Why does this even matter?

  • If you write everything (both important and technical messages) at, say, Information, sifting through that pile later becomes a nightmare.
  • Without proper levels you lose the ability to filter logs meaningfully before shipping them to Elasticsearch in production.
LevelDescription
TraceThe lowest level — tracks every event that occurs
DebugMessages useful for understanding application behavior
InformationMain application messages
WarningSituations that theoretically shouldn't happen but are handled correctly
ErrorNon-critical errors that weren't anticipated
CriticalFatal errors after which the application cannot continue
NoneUsed only in filters to disable logging entirely

Link to docs

Error Handling

Before talking about what to log, I think it's worth discussing error handling.
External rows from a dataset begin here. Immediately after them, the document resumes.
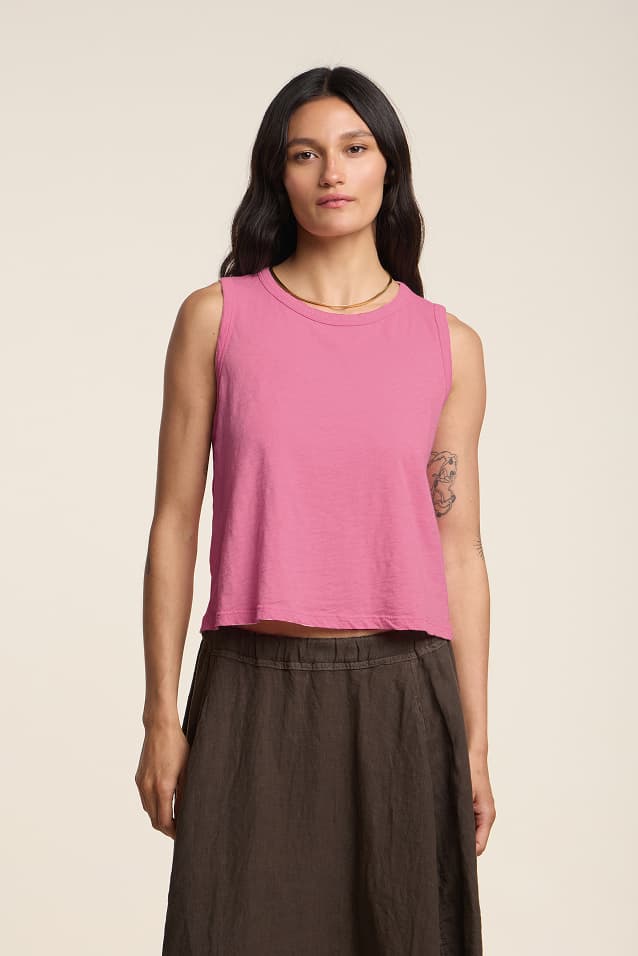 Image shows a model wearing the Ambria Top in Sherbert.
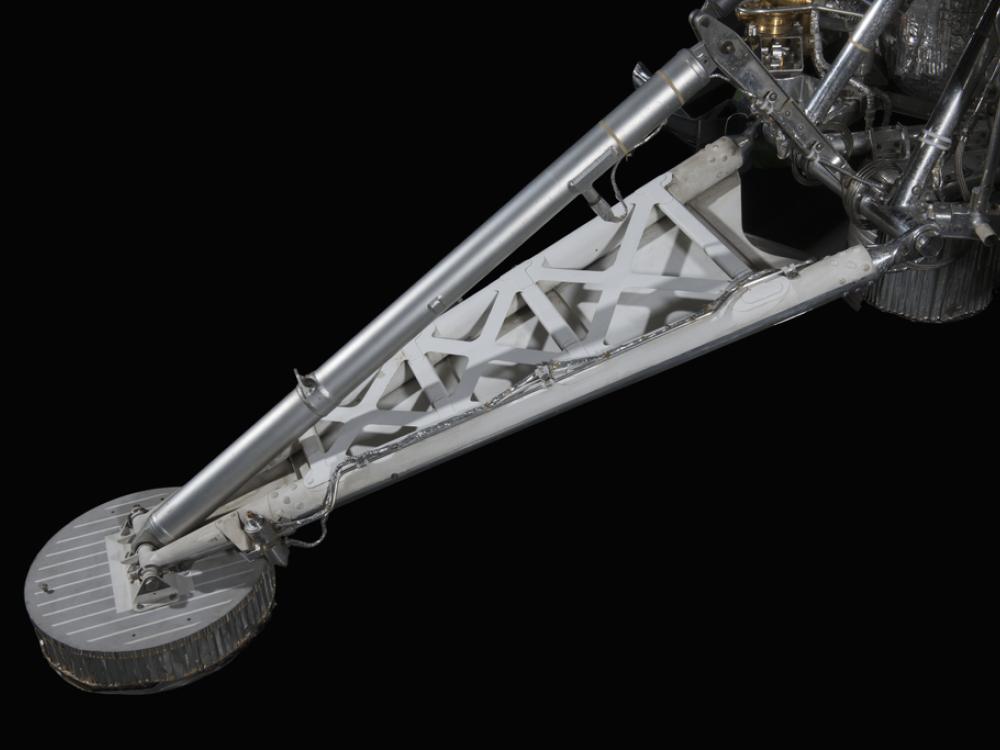 Metal foot pad attached to triangular space frame leg.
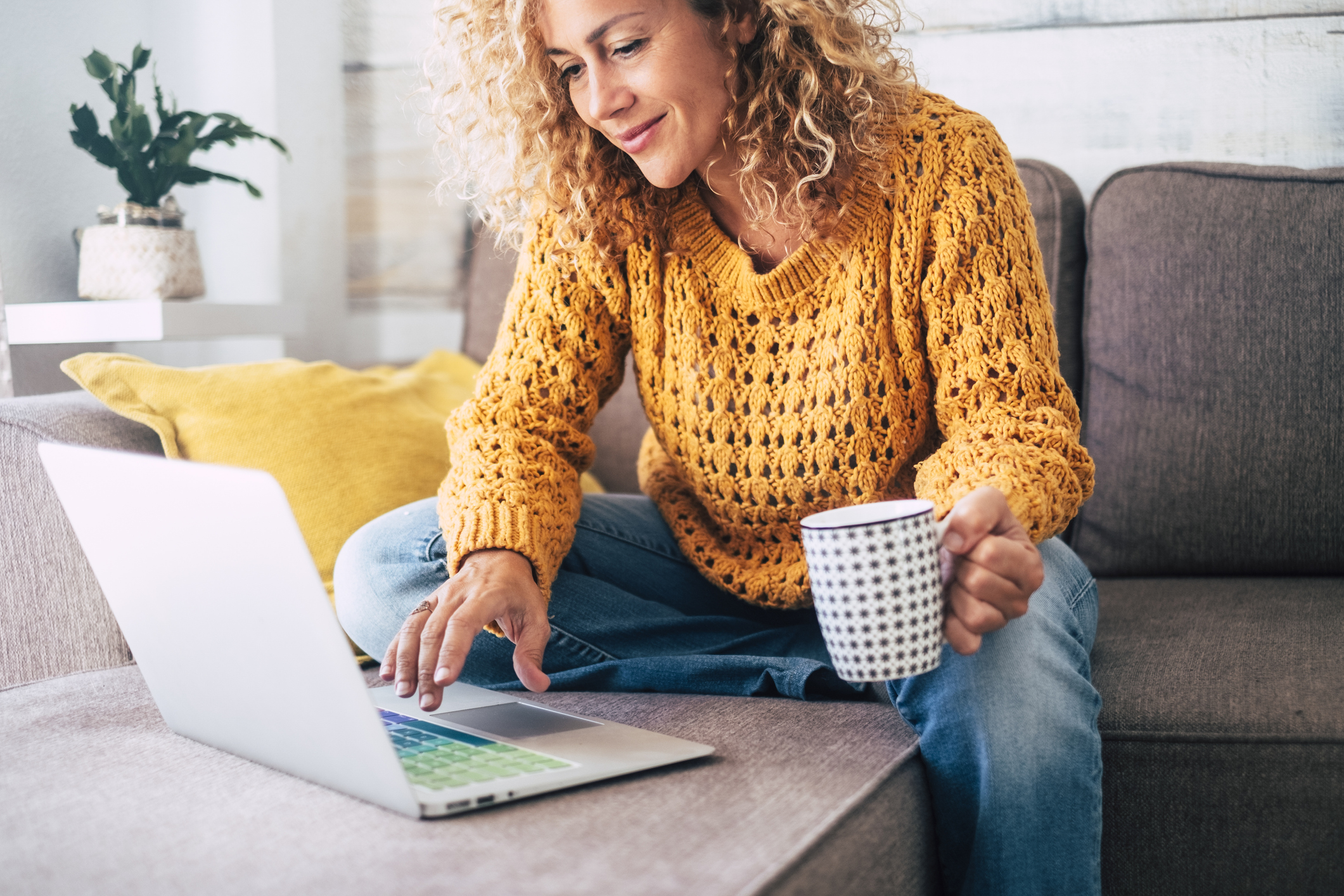 Nice beautiful lady with blonde curly hair work at the notebook sit down on the sofa at home – check on line shops for cyber monday sales – technology woman concept for alternative office freelance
While digging into the BEAM VM and Erlang I came across the interesting "let it fail" principle: don't catch an exception if you're not going to do anything with it — let it propagate up to the handler that expects it. A pattern you'll often see:

try
{
    DoSomething();
}
catch (Exception ex)
{
    _logger.LogWarning(ex.ToString());
    throw ex;
}

What's the problem?

  • It clutters methods with essentially useless code that hurts readability.
  • Re-throwing with throw ex loses the original stack trace.
  • When calling a method that throws, can you tell — without looking inside — whether it already logged the exception? You can end up with multiple log entries for the same exception.

Re-throwing exceptions

What to do instead

If you're not going to handle the exception, don't catch it. Don't turn this into Go-style infinite error bubbling. But do make sure it will be caught somewhere — for example by a global handler such as IExceptionFilter.

It's also worth distinguishing between system errors and domain errors. Not every error should return 500 Internal Server Error. Take this example: a user wants to add a pet, but the nickname is already taken.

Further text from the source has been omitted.